D’autres rétorquent : « En fait, la demande est marginale et, quand on propose une telle messe, elle
ne bénéficie que d’un succès d’estime ». Comment les départager?
On peut noter, tout d’abord, que les propositions concrètes de célébration de la messe
traditionnelle sont, le plus souvent, très insatisfaisantes. Le rédacteur de ces lignes habite à côté
d’un lieu où cette messe est célébrée chaque dimanche dans le cadre diocésain, et attire un nombre
non négligeable de fidèles. Malheureusement, cette messe est supprimée durant l’été, ce qui
disloque annuellement la communauté. Et, ordinairement, à travers la France, les conditions sont
pires : célébration dans un lieu excentré, irrégulière, par des prêtres qui connaissent mal ce rite, etc.
Ce n’est pas toujours le cas, mais ça l’est néanmoins souvent. Le jeu n’est donc nullement égal
entre le « rite ordinaire » et le « rite extraordinaire », et permet difficilement la comparaison.
L’association « Paix liturgique » (www.paixliturgique.com) a tenté d’éclairer cette querelle par
un autre biais, indépendant de la bonne ou mauvaise volonté des uns et des autres : celui de sonder,
non pas la réalité déjà effective de la messe traditionnelle, mais la demande qui pourrait en être
faite.
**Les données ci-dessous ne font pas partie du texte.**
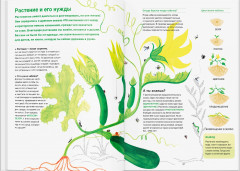 Сад круглый год. Что такое пермакультура - Фото 4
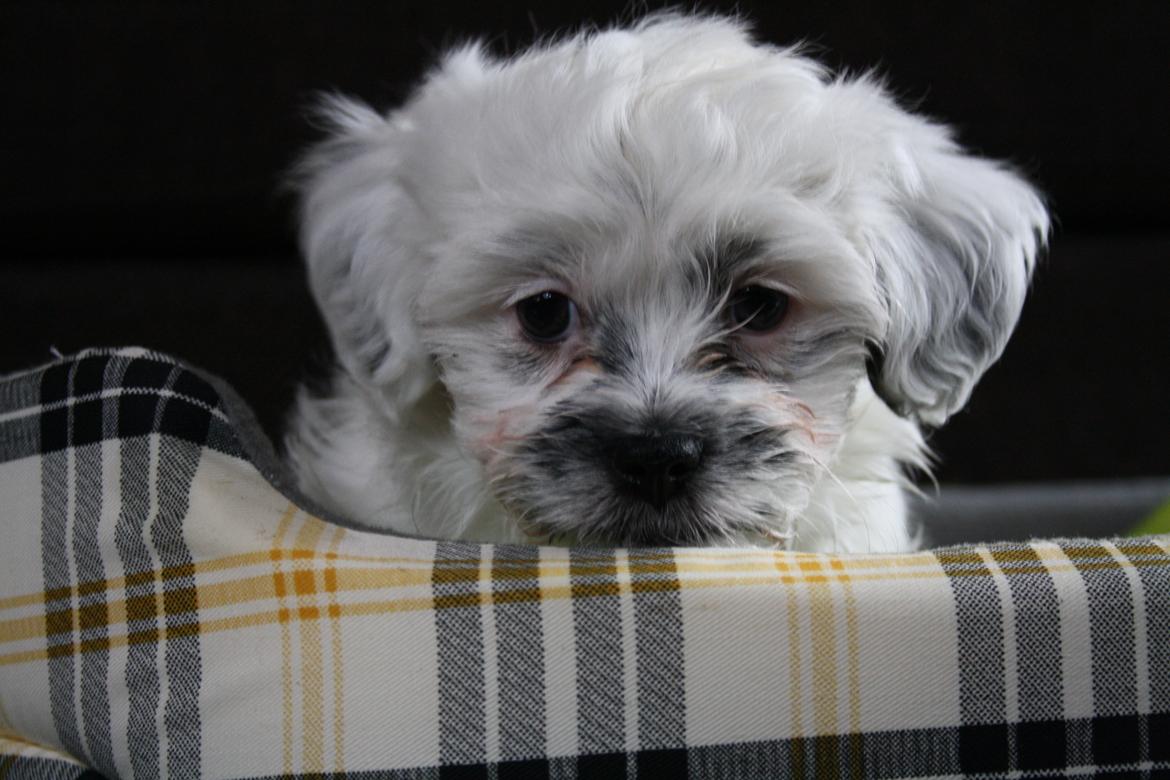 Blanding af racer Møffe billede 1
Elle publie ainsi un petit ouvrage de 78 pages sous le titre Neuf sondages pour l’histoire.
Sont donc présentés et commentés trois sondages réalisés en France (successivement en 2001, en
2006 et en 2008), un sondage en Italie (2009), un en Allemagne (2010), un au Portugal (2010), un
en Grande-Bretagne (2010), un en Suisse (2011) et un en Espagne (2011). Les organismes de
sondage sont réputés et bien implantés dans les divers pays (Ipsos, CSA, Doxa, Harris Interactive,
Démoscope). Le questionnaire, l’échantillon et la ventilation des résultats sont évidemment réalisés
selon des méthodes scientifiques reconnues.
Les questions varient selon les époques et les lieux (suivant, par exemple, qu’on se situe avant ou
après le Motu proprio de 2007), mais une question à peu près identique est posée de façon
récurrente : « Si, près de chez vous, était célébrée une messe selon le rite traditionnel, y assisteriezvous
? ». Or, dans chaque pays, ou à chaque époque pour les trois sondages français, une part non
négligeable des personnes sondées a répondu « Certainement » (la réponse la plus forte) ou
« Probablement », avec des scores dépassant systématiquement les 25 %.
Nous savons que les sondages ne sont pas la réalité, mais seulement une photographie de la
réalité à un instant donné. Cependant, la constance de ce haut niveau de réponses à travers le temps
et l’espace constitue un fait objectif qu’un esprit sérieux ne peut omettre de considérer.